But why not seek legal counsel on this issue? We are, after all, legally bound as nothing more than ‘creatures of the province’. Doesn’t that entail a degree of responsibility on the province’s part to keep us properly fed and housed? Aren’t even the lowliest of creatures entitled to move about freely, outside the cage of inadequate transit? (Yeah, I went there.)

Yes, yes, yes. Of course, go about your quixotic tilt. Councillor MacConnell’s motion passed 39-6, with only the mayor and some of his hardest core supporters voting against as well as.. what? Councillor Josh Matlow? What up with that, Councillor?

(Nope.. nope.. Do not get distracted by the curious case of Councillor Josh Matlow’s centrism. That’s… another post entirely.)

In any case, that’s more long term thinking. What about the here and now? Dire warnings rang out over the course of the meeting’s two days that if we could not get our fiscal house in order, if we could not come to some sort of agreement between service cuts and tax hikes, if we could not balance our budget as we were legally mandated to do, as we have every year previously, well, provincial caretakers would swoop down from their perch at Queen’s Park and do it for us. Oh, the shame! Oh, the horror!

You know what? Sometimes I think we should just dare the province to do it. One budget year, we just simply acknowledge that we have not been given the proper tools to do the job adequately and that instead of inflicting damage upon the city and the people living within it, we choose instead not to balance our books. Like the other two levels of government do, we run an operating deficit.

And if the province has a problem with that, hey, come on down, folks. You try it. You get your hands dirty, slashing and burning. You take the heat from citizens outraged at tax hikes. Yeah. Not so easy, is it?

Maybe the time for playing nice has come and gone. Maybe it’s time to up the ante a little. To, I don’t know, start withholding any money we normally pass along in the form of HST payments. The feds owe us some back taxes? Queen’s Park has some outstanding fines? We’ll just take that off the cheque we’re cutting for you, shall we?

Now, as with any belligerence married to a woeful lack of understanding about the implications, ramifications or even possibility of such gestures, my suggestion comes with a Wikipedia-like citation needed. All I’m saying is that we start exploring different approaches to the dysfunctional manner of our relationship to the other levels of government. Playing nice, rolling over and hoping for a rub of the tummy and the occasional bone thrown our way is not proving to be the healthiest of methods. Been there. Done that. And the fucking t-shirt is about 3 sizes too small.

Desperate times call for desperate measures. A more aggressive approach may be in order. By any means necessary. It’s time we thought of ways to beat our federal and provincial representatives out from the bushes where they’ve been hiding, avoiding their responsibility. We need them to come to the table and negotiate not from a position of power but as equal partners. Asking politely hasn’t worked to date. We need to start demanding. To do that, we just might have to upset an applecart or two.
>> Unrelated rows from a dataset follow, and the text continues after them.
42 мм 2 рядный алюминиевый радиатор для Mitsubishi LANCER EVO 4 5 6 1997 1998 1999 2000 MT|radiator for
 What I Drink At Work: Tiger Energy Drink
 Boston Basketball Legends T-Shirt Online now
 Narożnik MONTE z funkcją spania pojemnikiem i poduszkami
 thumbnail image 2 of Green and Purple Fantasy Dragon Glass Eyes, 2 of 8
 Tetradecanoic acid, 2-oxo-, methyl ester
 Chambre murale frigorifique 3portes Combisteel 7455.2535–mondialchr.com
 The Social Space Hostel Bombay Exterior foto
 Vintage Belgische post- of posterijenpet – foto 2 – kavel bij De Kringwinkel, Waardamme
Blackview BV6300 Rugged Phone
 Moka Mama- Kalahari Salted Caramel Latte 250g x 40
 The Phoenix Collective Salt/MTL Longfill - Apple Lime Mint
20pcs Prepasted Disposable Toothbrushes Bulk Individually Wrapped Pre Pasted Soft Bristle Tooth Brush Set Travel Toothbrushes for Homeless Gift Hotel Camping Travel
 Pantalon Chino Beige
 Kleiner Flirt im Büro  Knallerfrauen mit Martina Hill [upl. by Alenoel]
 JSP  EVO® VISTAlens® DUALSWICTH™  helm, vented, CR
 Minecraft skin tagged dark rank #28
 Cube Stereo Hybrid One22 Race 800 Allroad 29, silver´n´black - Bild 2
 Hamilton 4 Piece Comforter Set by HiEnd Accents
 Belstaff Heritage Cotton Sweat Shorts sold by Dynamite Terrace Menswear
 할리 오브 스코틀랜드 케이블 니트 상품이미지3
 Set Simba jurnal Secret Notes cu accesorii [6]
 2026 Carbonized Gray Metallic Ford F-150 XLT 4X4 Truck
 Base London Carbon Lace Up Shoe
feistily submitted by Cityslikr

The Short Drive From Etobicoke To Brampton

Fealty to ideology above all else.

What other explanation is there for Mayor Rob Ford finally wading into the federal campaign to endorse Stephen Harper?

“Folks, so many people said: ‘Rob, why are you getting involved, you’re supposed to be non-political,’” said Ford at a Tory rally in Brampton last night. Umm, what? Who ever told the mayor he should be non-political during the federal campaign? In fact, there was an early push to get him to speak up for urban issues like the mayor of Calgary, Naheed Nenshi, was doing. I think what Mayor Ford is mixing up is political with partisan. But that’s pretty well par for the course.

The bigger question though is what the fuck the mayor was doing endorsing Harper in Brampton? I know that in his part of Etobicoke area codes may be 416 but hearts and minds pine for the 905. As Matt Elliott pointed yesterday in Ford For Toronto, Conservatives in 905 “… seem crazy for Rob Ford and the “stop the gravy train” stuff…”. (Think the line in Sweet Home Alabama, ‘In Birmingham they love the guv-ner’ and sing ‘In 905 they love the may-yore’. Kind of creepily fits, doesn’t it?) And federal Conservative hopes are pinned in ridings in that part of the GTA, so it makes sense from their end to have Mayor Ford pimping for them. What exactly does the mayor get in return, though?

So the Conservatives snag some suburban seats, enough even to secure a majority government, and if Mayor Ford is seen to have assisted in it, how is that going to help the city of Toronto? Newly installed 905 MPs, working for a government that has no urban agenda, are going to expend political capital fighting to help an NDP orange/Liberal red Toronto? I see a whole world of animosity not co-operation.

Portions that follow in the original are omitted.